En la puerta nos recibieron dos guardias que amablemente nos indicaron que ese día el botánico estaba cerrado.
Con el último hilo de aliento, les contamos lo que nos había pasado y de lástima nos consiguieron un auto que, por unos cuantos rand sudafricanos, nos dejó en la puerta del hostel, a salvo.
Después de comer algo y preparar un mate, subimos a la terraza del hostel y, mirando el atardecer repasamos lo que nos había pasado, nos largamos a reír. Fue una risa catártica, como si expulsáramos la tensión que habíamos guardado por horas con carcajadas limpias, genuinas y ruidosas.

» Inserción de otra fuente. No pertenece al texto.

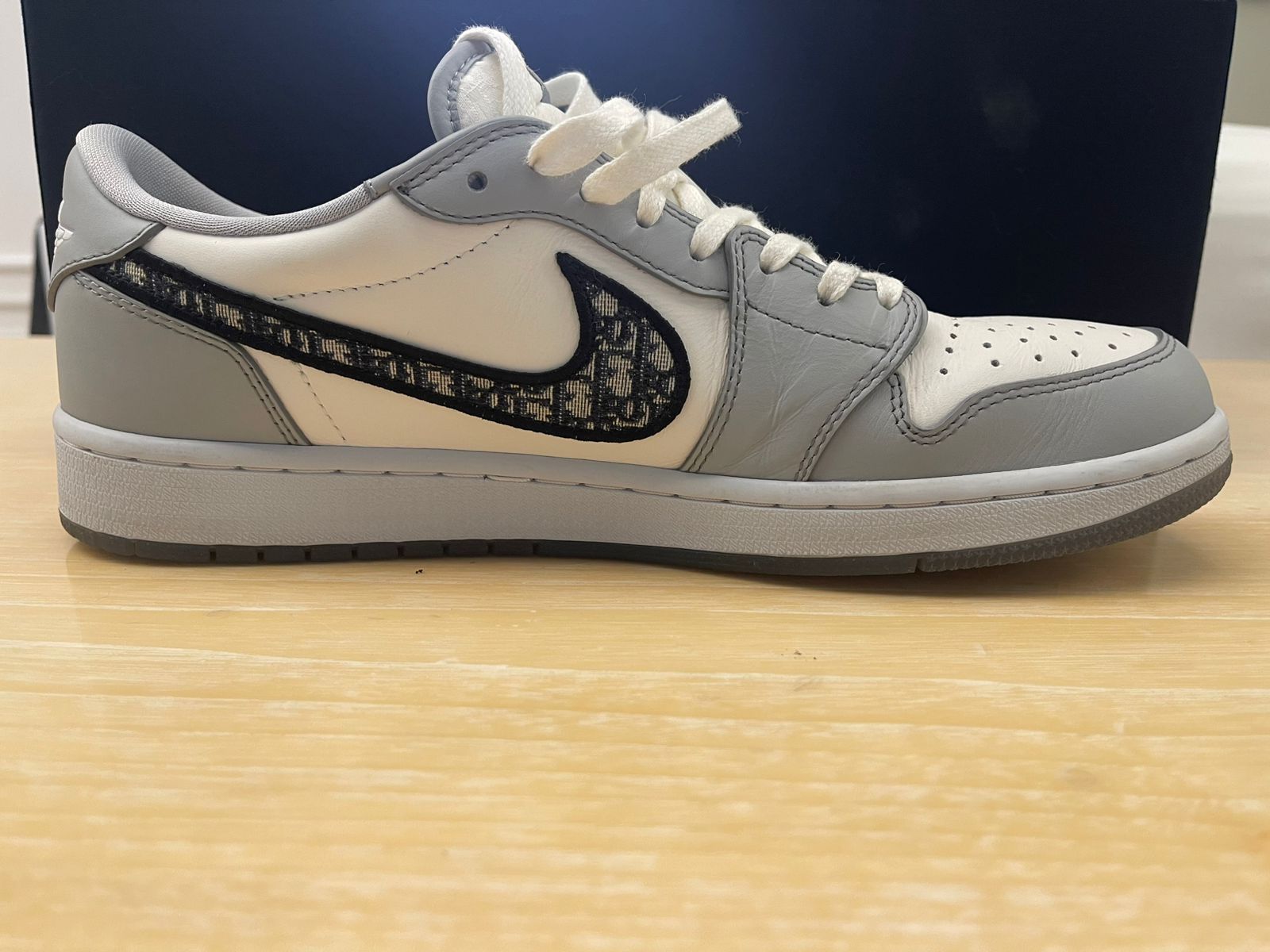 Air Jordan 1 Retro Low Dior | Kick Avenue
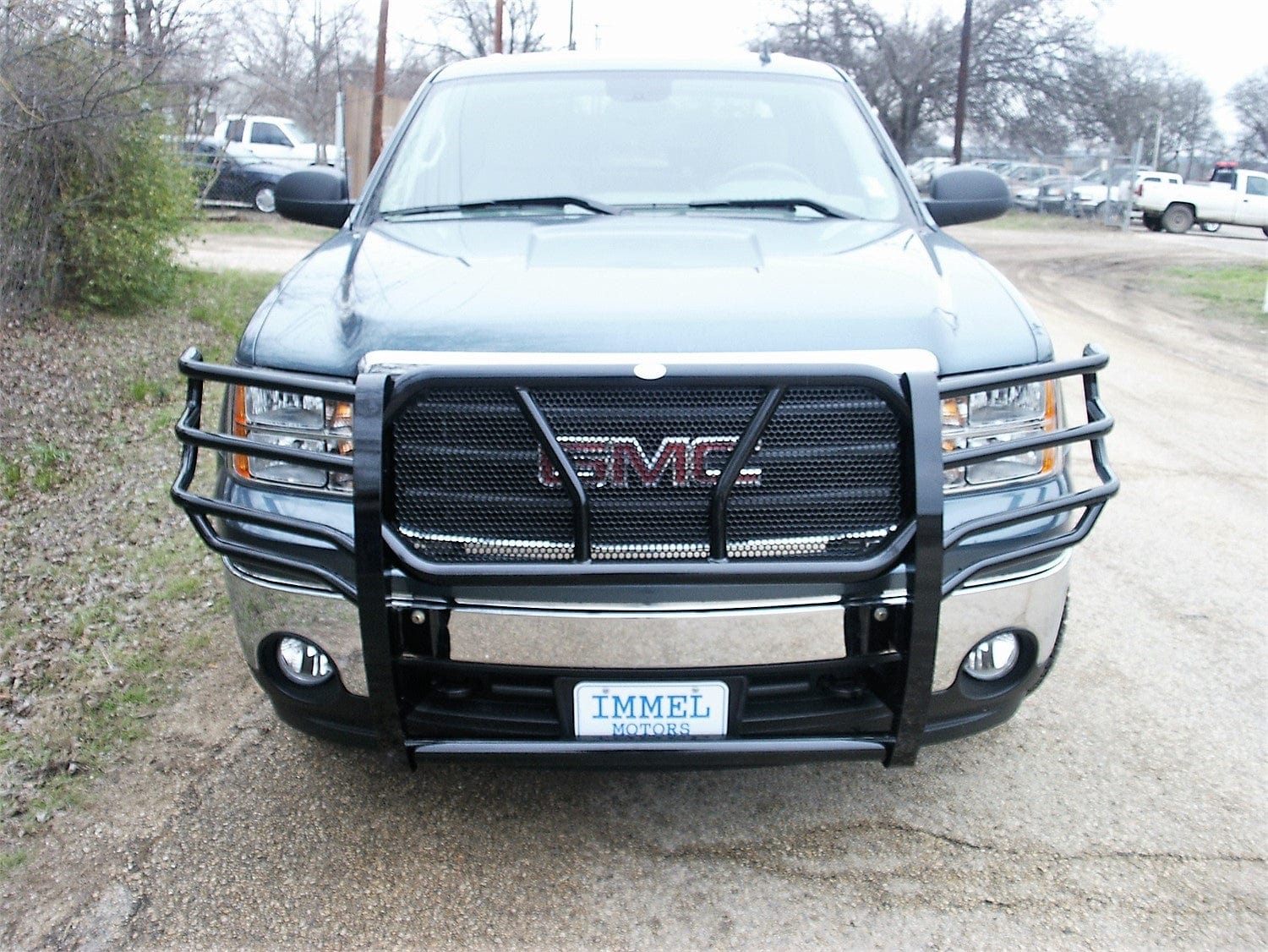 Frontier 200 - 30 - 7005 2007 - 2013 GMC Sierra 1500 Grille Guard - Rugged Truck Gear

Entonces tomé el celular entre risas, repasé el trayecto fallido en Google Maps y encontré aquel dique de agua en medio de la montaña en donde nos habían rescatado. Fue entonces cuando lo vi. En el mapa decía: “Valley of Isolation”.
El lugar en el que nos desesperamos, en el que no sabíamos si saldríamos con vida, se llamaba Valle del Aislamiento (¿o sería mejor traducirlo como “de la desolación”?).
Le mostré a mi compañero el hallazgo y los dos nos echamos a reír, aunque esta vez ya no era tan gracioso.